Study material =
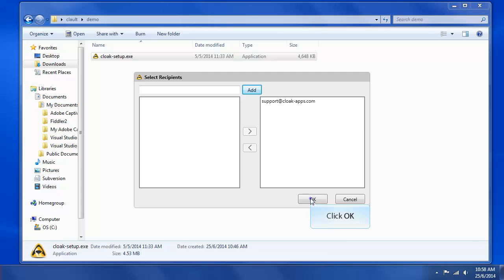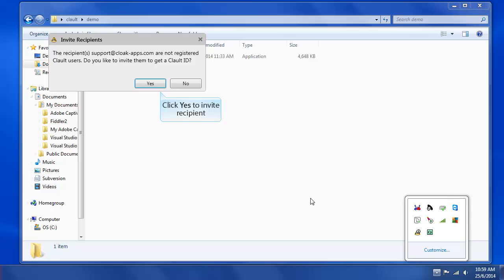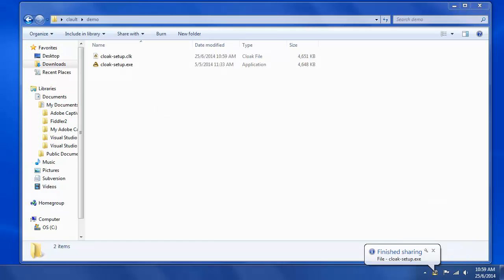Click OK. Your file has been cloaked successfully, and your cloaked file will be saved in the same directory where the original file is. You can now share the cloaked file to the recipient through email or any other channel.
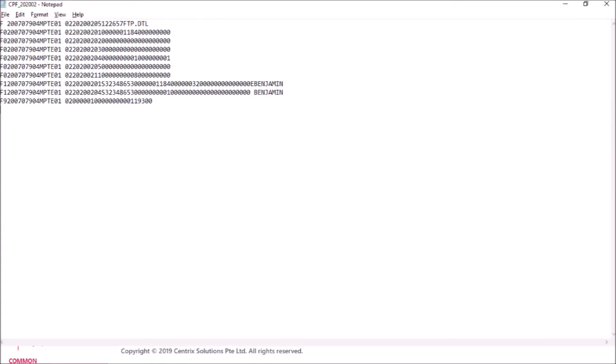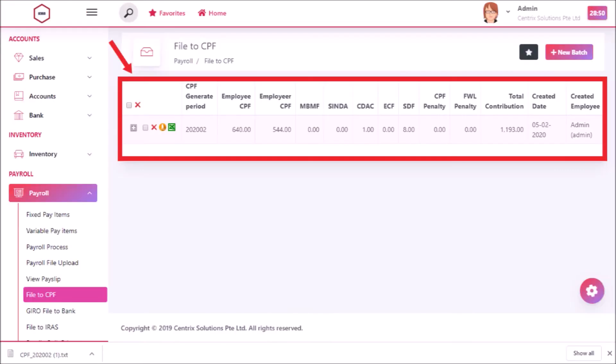After clicking the Submit button, the CPF file is generated and the file will be automatically downloaded in text format.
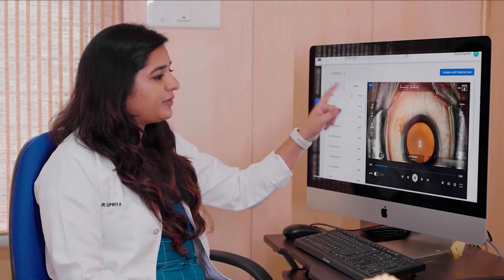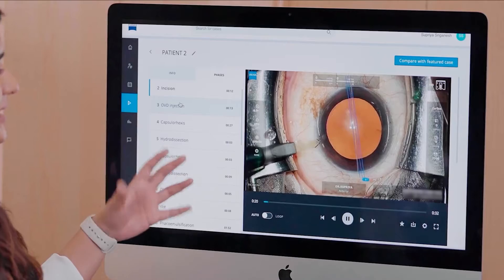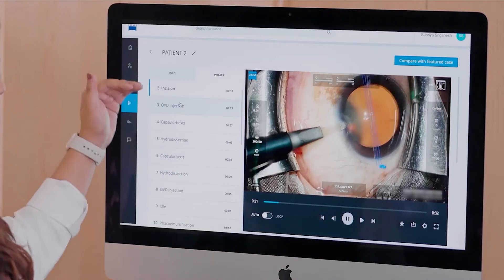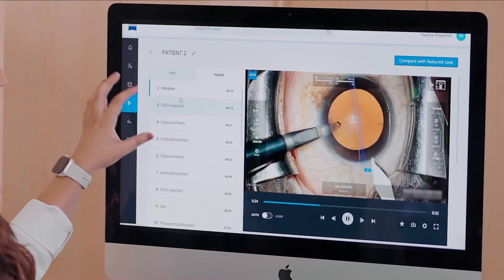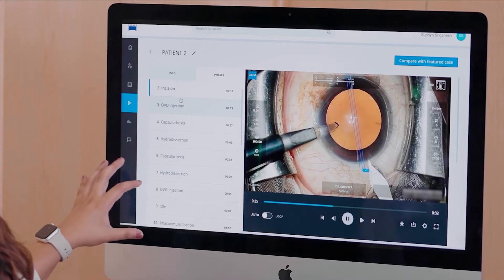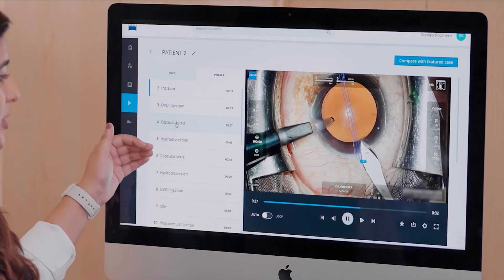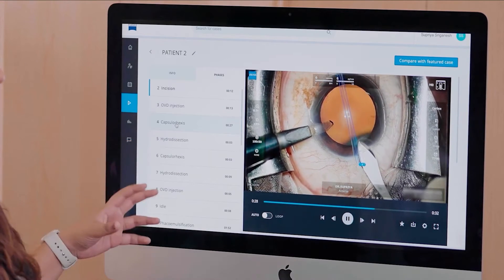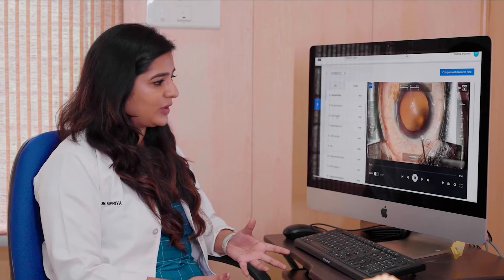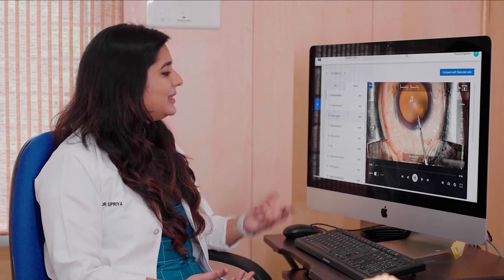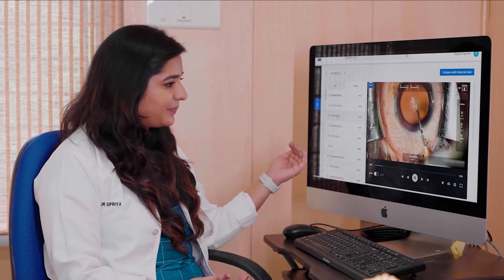When you go into phases, this is where the AI has split the video into the different phases. If you click on any one of the phases — for example, Capsulorexis — it will start playing only that particular phase.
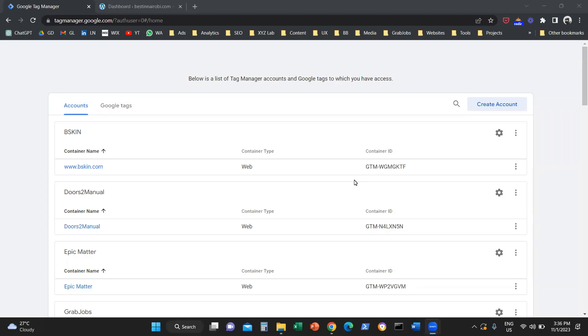Hello everyone, and welcome to another Google Tag Manager video tutorial. Today we're going to learn how to install Google Tag Manager in a WordPress website.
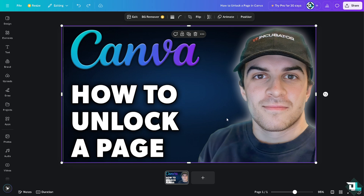Unlocking allows you to change the text, images, or other content within the design, ensuring your message is accurate and visually appealing. If you need to change the colors, fonts, or styles, unlocking elements is essential for making those adjustments, and you can refine the visual hierarchy of your design making sure important elements stand out.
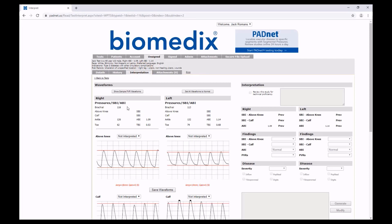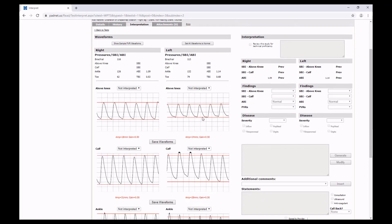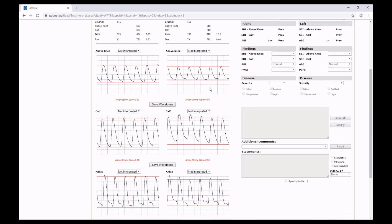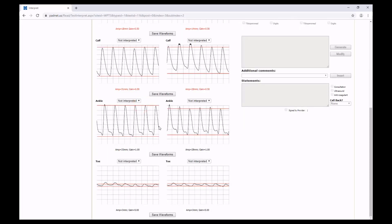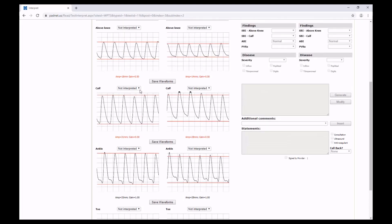From here, you will see our blood pressures and our pressure brachial indexes for both the right and the left side. Below it, you will see our PVR waveforms. In it, you can see the waves, as well as the amplitude and the adjusted gain of that wave. You'll notice if the gain is anything other than 1, the amplitude and gain appear in red. We'll come back to this in just a moment.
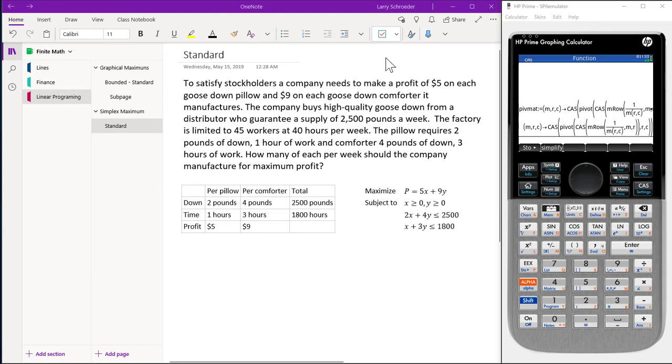We now load OneNote to solve the following linear program, simple maximum standard problem. This is the same problem that we earlier used graphical methods to solve.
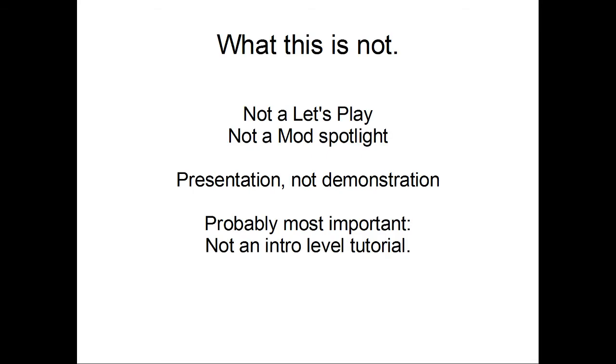So, onto the project. What this is not, this is not going to be a Let's Play or a Mod Spotlight. There's dozens, if not hundreds, probably thousands of those already floating around. This will be a presentation, and not a demonstration. What that means is, if you're actually looking for Minecraft gameplay, this is probably going to be not what you're looking for. However, I do tend to do very technical builds, and I feel that the best way of doing that is starting off with a very solid understanding of how the mods work, and then building off of that.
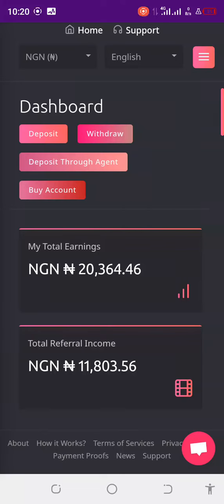Hello everybody, this is PaidRail. Once you log into your PaidRail account you will be here — this is where your login will take you. Now some people have been asking me how they can change their currency to USD.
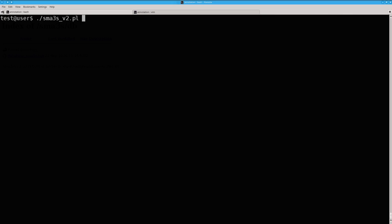As an example, you can annotate the query dataset using this command line. The input file, the database uniref90, and two additional arguments in this case.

What to work on =
Repeat the material above verbatim, with no pictures in the output.

Answer =
Click OK. Your file has been cloaked successfully, and your cloaked file will be saved in the same directory where the original file is. You can now share the cloaked file to the recipient through email or any other channel.
After clicking the Submit button, the CPF file is generated and the file will be automatically downloaded in text format.
When you go into phases, this is where the AI has split the video into the different phases. If you click on any one of the phases — for example, Capsulorexis — it will start playing only that particular phase.
Hello everyone, and welcome to another Google Tag Manager video tutorial. Today we're going to learn how to install Google Tag Manager in a WordPress website.
Unlocking allows you to change the text, images, or other content within the design, ensuring your message is accurate and visually appealing. If you need to change the colors, fonts, or styles, unlocking elements is essential for making those adjustments, and you can refine the visual hierarchy of your design making sure important elements stand out.
From here, you will see our blood pressures and our pressure brachial indexes for both the right and the left side. Below it, you will see our PVR waveforms. In it, you can see the waves, as well as the amplitude and the adjusted gain of that wave. You'll notice if the gain is anything other than 1, the amplitude and gain appear in red. We'll come back to this in just a moment.
We now load OneNote to solve the following linear program, simple maximum standard problem. This is the same problem that we earlier used graphical methods to solve.
So, onto the project. What this is not, this is not going to be a Let's Play or a Mod Spotlight. There's dozens, if not hundreds, probably thousands of those already floating around. This will be a presentation, and not a demonstration. What that means is, if you're actually looking for Minecraft gameplay, this is probably going to be not what you're looking for. However, I do tend to do very technical builds, and I feel that the best way of doing that is starting off with a very solid understanding of how the mods work, and then building off of that.
Hello everybody, this is PaidRail. Once you log into your PaidRail account you will be here — this is where your login will take you. Now some people have been asking me how they can change their currency to USD.
As an example, you can annotate the query dataset using this command line. The input file, the database uniref90, and two additional arguments in this case.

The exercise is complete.